平成26年3月14日最高裁第二小法廷判決(平25(受)1420号)

1. 事案の概要

A(男)には妻XとYら5人の子供がいました。そして、Aはすべての財産をYに相続させる旨の遺言を残し、平成20年10月22日に死亡しました。Xは、Aの死亡時にYに対し遺留分減殺請求できることを知っていました。
しかし、Xは(後見開始の審判を受けてはいませんでしたが)精神障害を患っている状況にあり、自分で遺留分減殺請求をすることが難しい状態でした。そこで、平成21年8月5日にXの後見開始の審判申立てをし、平成22年4月24日、Xについて後見を開始し、B弁護士を成年後見人に選任する審判がなされました。

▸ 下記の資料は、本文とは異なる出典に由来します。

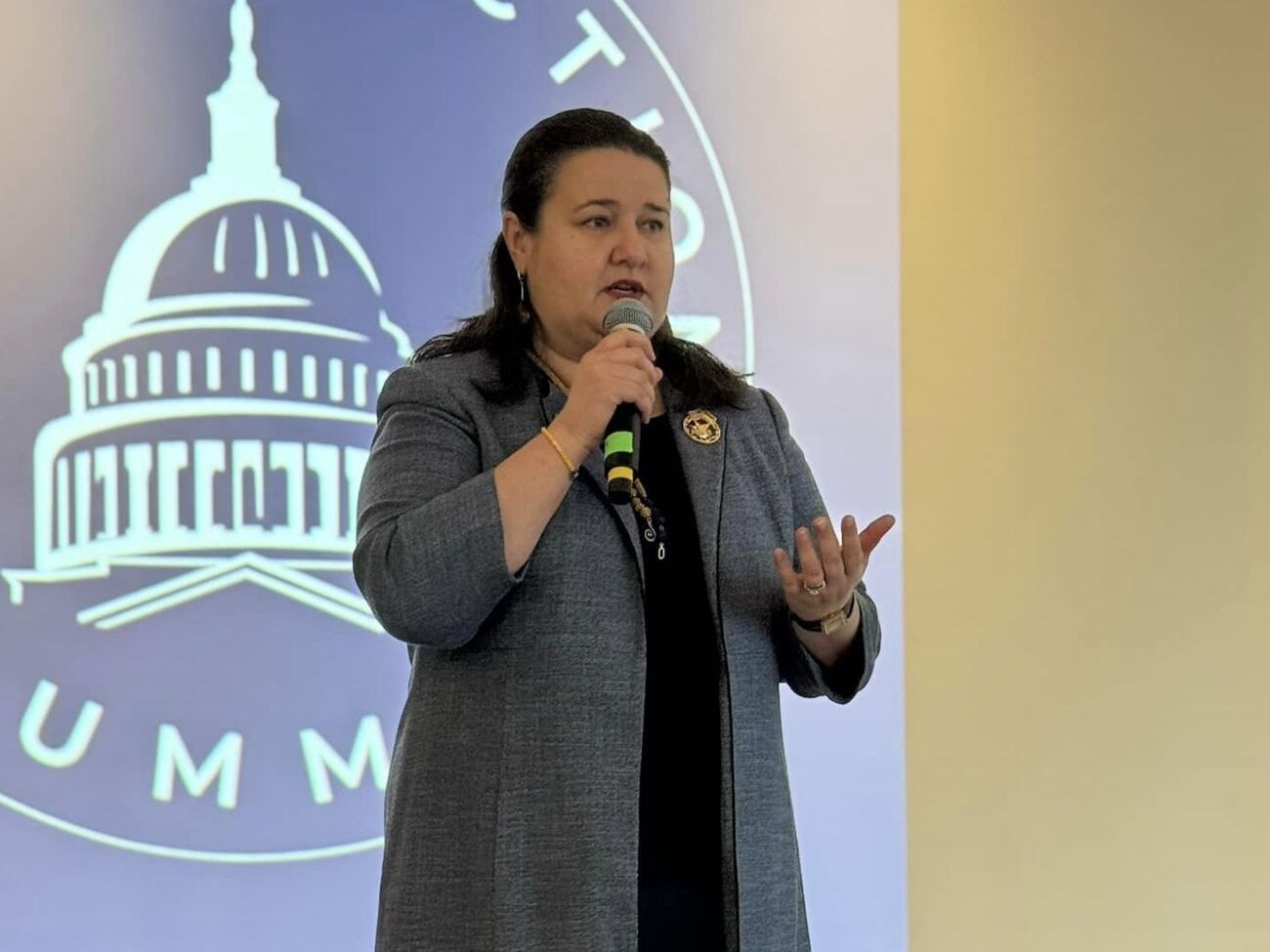 Маркарова розповіла про труднощі з пошуком техніки і зброї для України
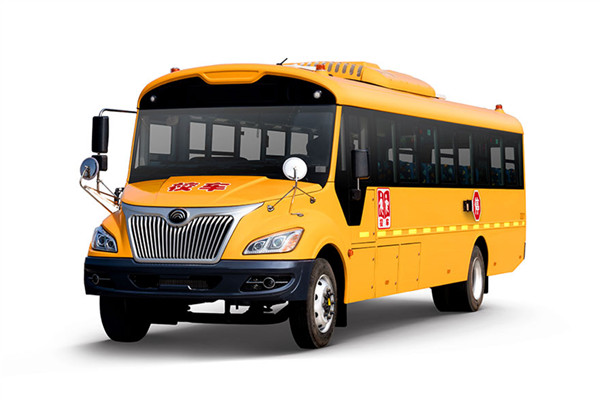 宇通ZK6995DX51中小学生专用校车(柴油国五24-49座)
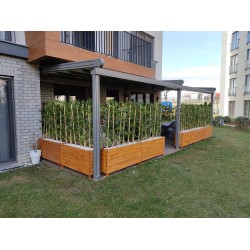 Bamboo in Wooden Flowerpot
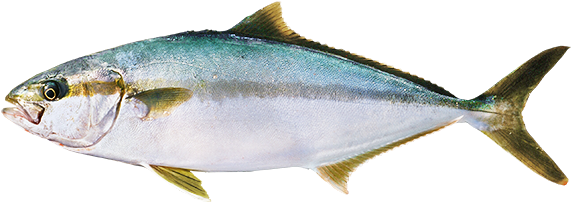 ヒラマサ - Yellowtail Amberjack (600x229)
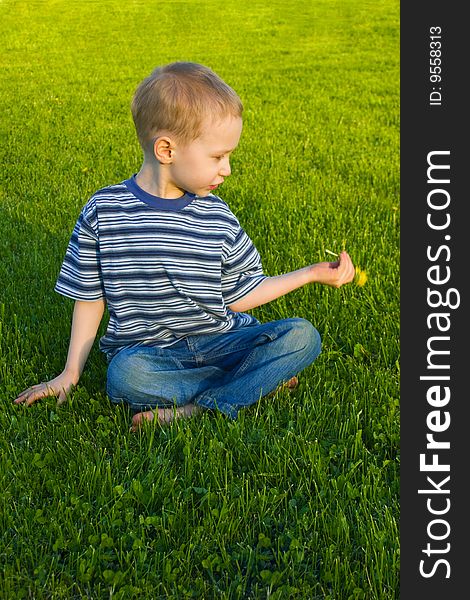 Boy Sits On Grass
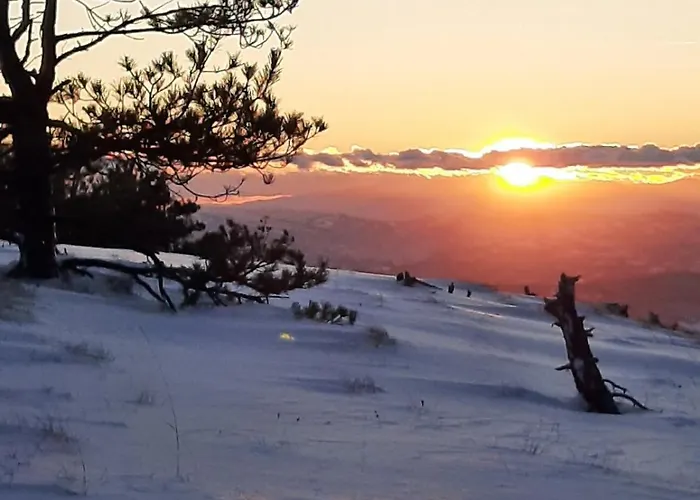 Jovanic Daire Divčibare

そして、B弁護士は、平成22年4月29日に、Xの成年後見人としてYに対して遺留分減殺請求の意思表示をしました。
これに対して、YはXの遺留分減殺請求権は時効消滅している(民法1042条)と主張して争いました。争点は、民法158条1項類推適用の可否です。

2. 判決要旨

まず、最高裁は、民法158条1項の趣旨を、成年後見人等が法定代理人を有しないにもかかわらず時効の完成を認めるのは成年後見人等に酷であるとして、成年後見人等を保護することにあると認定しました。
そのうえで、精神上の障害により事理を弁識する能力を欠いているが、まだ後見開始の審判を受けていない者は、民法158条1項にいう「成年被後見人」にはあたらないけれど、成年後見人と同様に保護する必要性があると判断しました。そして、上記の者について後見審判開始された場合に民法158条1項を類推適用しても、時効を援用しようとする者の予見可能性を不当に奪うとはいえないこともあるとして、申立てがされた時期、状況によっては、民法158条1項の類推適用を認めることができると判断しました。
本件では、Xの後見開始審判の申立てがされたのが遺留分減殺請求の1年の時効期間満了前であることから、民法158条1項の類推適用を認め、法定代理人が就職した時から6ヶ月を経過するまでは、時効が完成しないとしました。

3. 実務に与える影響

本判決を一言で説明すると、認知症などの重い精神障害がある場合は、後見人が就任してから6ヶ月は遺留分減殺請求ができる場合があるということです。
ただし、注意してもらいたいのは、本判決は遺留分減殺請求の1年の時効期間満了の平成21年10月22日より前の平成21年8月5日に後見開始審判の申立てをしているということです。仮に後見開始審判の申立てが時効期間経過後だったならば民法158条1項の類推適用は認められなかった可能性が高いと言えるでしょう。
ですので、このような事案の場合は、後見人の就任から6ヶ月は遺留分減殺請求ができると油断せずに、まずは迅速に後見開始審判の申立てをすることが必要であることに注意が必要です。